L-R: Pat Harder, Cloyce Box, Otto Graham, Marion Motley
The Lions scored first after a short punt to midfield to take a 7-0 lead early in the second quarter on a sneak by Layne from the three.
That score held up into the third period until the two Lone Star friends teamed up for what would prove to be the deciding touchdown. With the ball on the Detroit 33, Layne faked to FB Pat Harder and handed to Walker. Meanwhile, LE Cloyce Box flared far to the left, taking two defenders with him. Doak sliced through the line, bounced off LB Bert Rechichar, eluded two tacklers, and angled to his left. Box, who had not been known for his blocking, bumped both Rechichar and DB Tommy James as the speedy Walker sailed down the sidelines and outran DB Warren Lahr to the end zone to complete the 67y play. It was Walker's first touchdown of the season and couldn't have come at a better time."After I got past the line of scrimmage," said Doak afterward, "I felt I had a chance to go all the way. They really opened up a big hole, didn't they?"

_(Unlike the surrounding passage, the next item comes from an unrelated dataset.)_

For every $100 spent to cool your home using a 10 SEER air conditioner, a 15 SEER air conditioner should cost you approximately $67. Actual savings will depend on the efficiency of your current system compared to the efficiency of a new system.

The 14-0 lead would prove to be insurmountable for the Browns, although it would take a crucial defensive play to help protect the lead.
Cleveland finally scored with 2:30 left in the third period to make it 14-7. When the Browns got the ball back on a punt in the fourth quarter, Otto Graham completed three straight passes, then ran a delay to put the ball on the Lion 46. From there, Graham spun completely around and tossed a deep pitch to Marian Motley around the left side. The 238lb fullback broke free into the secondary and headed down the left sideline with three Lions in pursuit for 41y before S Don Doll pushed him out of bounds at the five.

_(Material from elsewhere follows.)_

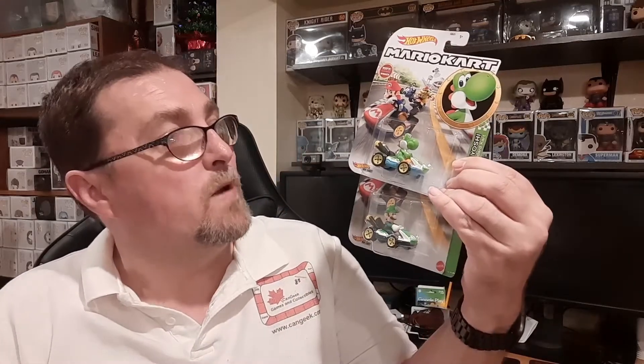We also have a bunch of new Mario Kart themed Hot Wheels coming available to purchase, including Yoshi and Luigi, Baby Mario and Princess Peach, Mario and Bowser, and Koopa Troopa and Toad.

L-R: Don Doll, LaVern Torgeson, Lou Creekmur
The tackle would prove to be one of the most crucial of the afternoon. Motley tried the other side on the next snap but ran into a stone wall. He tried to bounce outside only to have LB LaVern Torgeson upend him for a loss of five. Graham backed up to pass but couldn't get it away as three Lions led by Lou Creekmur threw him down 12y behind the line. With no choice but to pass again on third down, Otto slipped while attempting to pass and just made his way back to the line of scrimmage. Coach Paul Brown decided to go for it on 4th down, but LB Dick Flanagan knocked down Graham's pass over the middle intended for Motley.
After running the ball three times, the Lions punted, but the ball went right through Ken Carpenter's arms. G Jim Martin took the ball on the hop and was downed immediately on the Cleveland 24. That set up Harder's clinching field goal to make the final score 17-7.